Do you need a will in Spain?
by Perez Legal Group
Spain: Making a will: Four easy steps to getting it right
The following article was recently published in the UK overseas property magazine, A Place in the Sun. Taken from Perez Legal Group’s new Pocket Guide to Spanish Legal Property Information, Raquel Perez offers advice on the benefits of having a will in Spain.
Should I have a Spanish Will?
If a non-resident dies in Spain without a will, the estate in Spain will be distributed according to the Spanish laws of inheritance.
Let us take as an example a man who dies leaving three children and a spouse. The only property is the house they are living in. If the widow’s name is in the title as half-owner, she continues to own half the house. The other half of the house constitutes the estate, which is divided equally between the three children. When the estate is settled, each child will own one third of the title in half of the house, and the title deed has four names on it (the widow is, however, entitled to hold a usufruct (lifetime use) of the children’s share). This means she can stay in the property until she dies. However, all parties must then agree and sign the deeds if the house is to be sold. It is this provision of inheritance law that causes the situation frequently seen in the Spanish countryside and villages where six brothers are part owners of a finca.
Dying without a will can give rise to time-consuming and expensive legal procedures for your heirs, so if you have definite ideas about how you want your estate to be apportioned, you should make a Spanish will.
All the tax rates and exemptions refer to national inheritance law, and apply to almost all non-residents.
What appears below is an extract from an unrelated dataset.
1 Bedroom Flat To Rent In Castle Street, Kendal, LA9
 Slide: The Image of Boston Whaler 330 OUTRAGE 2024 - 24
Residents will find regional differences.
Four things to consider with Spanish wills:
1. You should make a Spanish will that disposes of your Spanish property in order to avoid time-consuming and expensive legal problems for you heirs. Make a separate will to dispose of assets located outside Spain.
2. As a foreigner, Spanish law does not require you to be subject to the Spanish law on the statutory division among the heirs according to which you must leave two-thirds of your estate so that you can bequeath your Spanish property to any person of your choice as long as your own national law allows this. Your estate will, however, be subject to Spanish inheritance tax, which can be high when property is left by a non-resident to non-relatives. The law also states that any foreigner officially resident in Spain is subject to Spanish inheritance tax on his worldwide estate. However, in practice the authorities will not ask the testator if he or she is an official resident or not. The only requirement enforced by Spain is the payment of the inheritance tax on the property or assets held in Spain.
3. There are a few ways around the inheritance tax and these legal ways require advance planning. Spanish law does not allow any large exemption from inheritance tax, as many other countries do where the family home is concerned. Tax is payable after the first 16,000 euros (12, 600 pounds) for each beneficiary.
4. If you are an official resident of Spain leaving your property to a spouse or a child who is also a resident, you may be eligible for a 95 per cent reduction in the value of the property for inheritance tax calculation. This is not available to non-residents, and the reduction applies to the first 120,000 euros (94,700 pounds).
Amongst the perfect legal possibilities is the formation of a family corporation or ‘trust’, in which the family’s assets pass into the hands of the company. If one member dies, it only involves a reorganization of the board of directors.
Equity Release, reverse mortgage
You may borrow half the value of the property and pay back nothing until the property is sold or you die, at which time the full amount plus interest is due. Your heirs can repay the loan and take possession of the property.